-- Task statement --
Output exactly the lines of the listing below that run from the line with "Police detain a" through the line with "El presidente Pezeshkian, sentado". No pictures.

-- Information supplied --
------------------------------
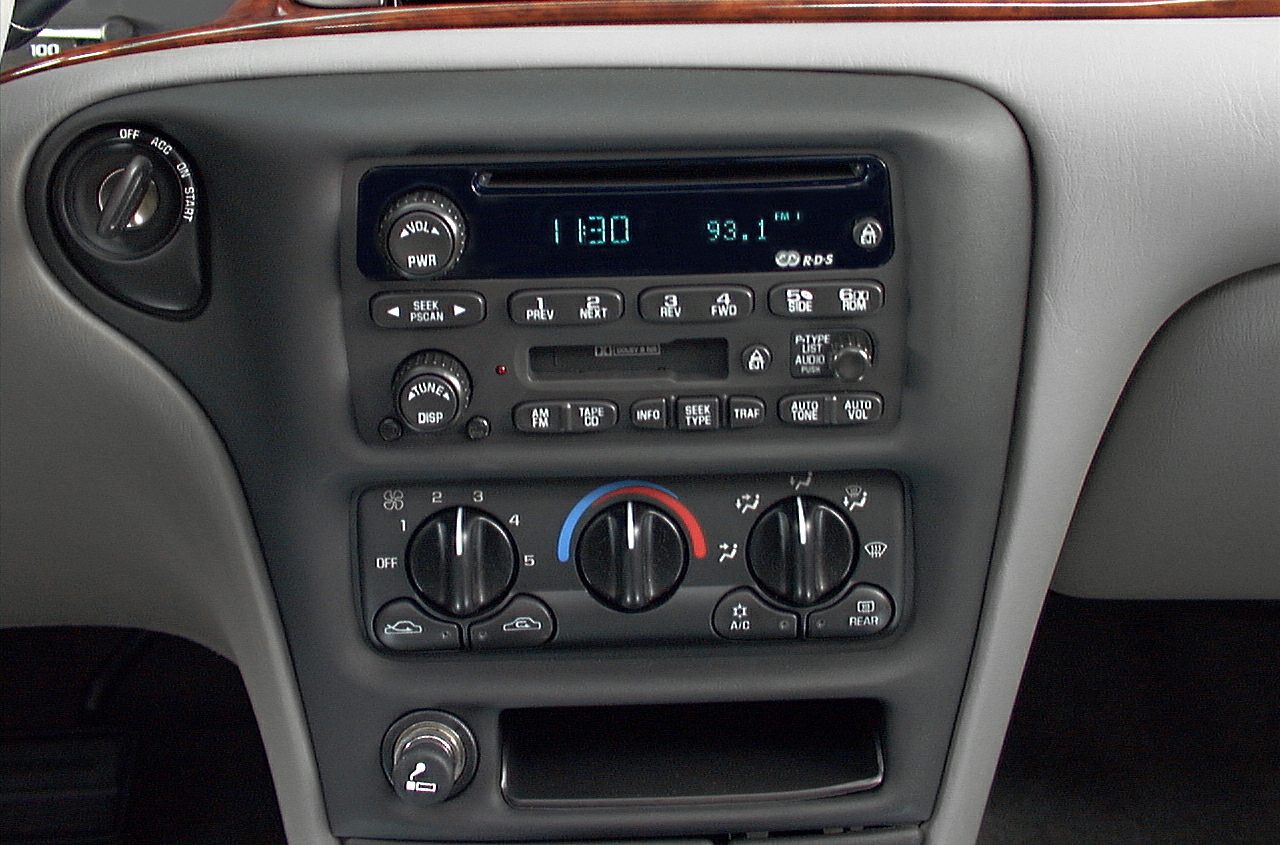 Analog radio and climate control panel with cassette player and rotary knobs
------------------------------
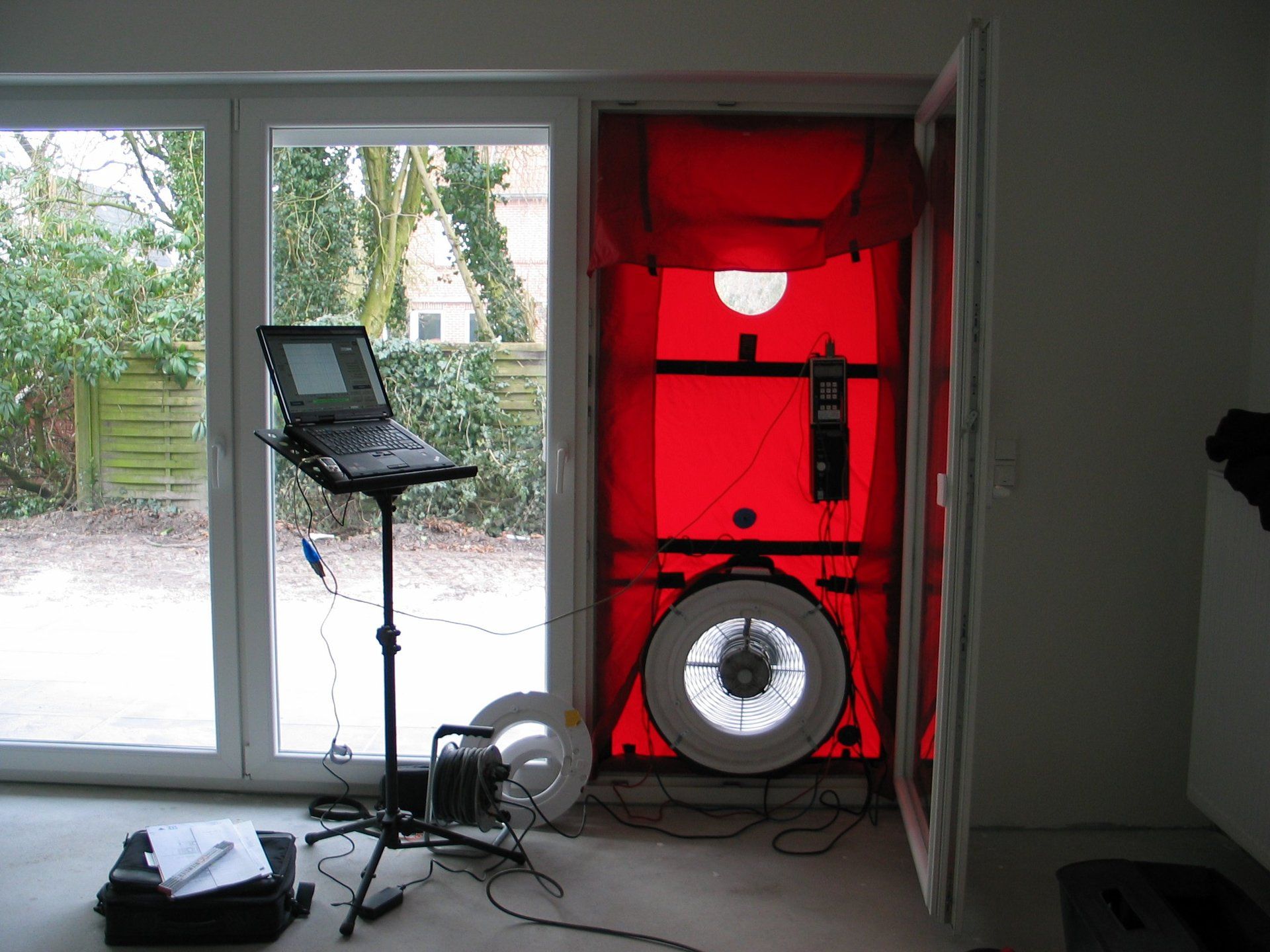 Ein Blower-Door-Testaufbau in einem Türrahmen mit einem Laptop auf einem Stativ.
------------------------------
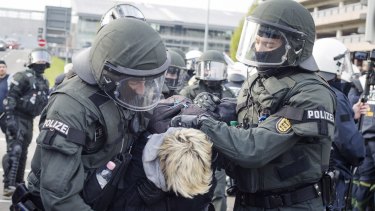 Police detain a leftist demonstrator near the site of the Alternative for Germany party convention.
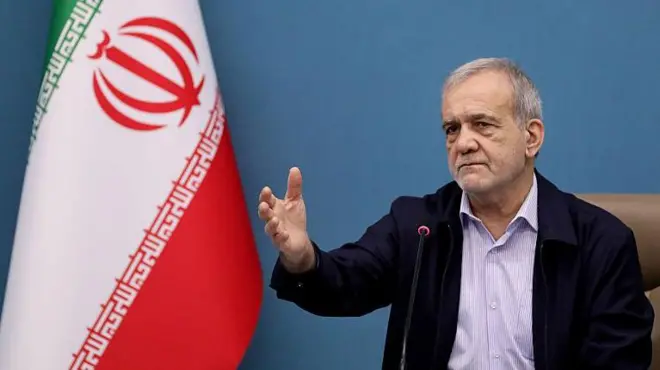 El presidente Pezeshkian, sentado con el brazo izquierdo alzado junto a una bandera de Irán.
------------------------------
-- Answer space --
 Police detain a leftist demonstrator near the site of the Alternative for Germany party convention.
 El presidente Pezeshkian, sentado con el brazo izquierdo alzado junto a una bandera de Irán.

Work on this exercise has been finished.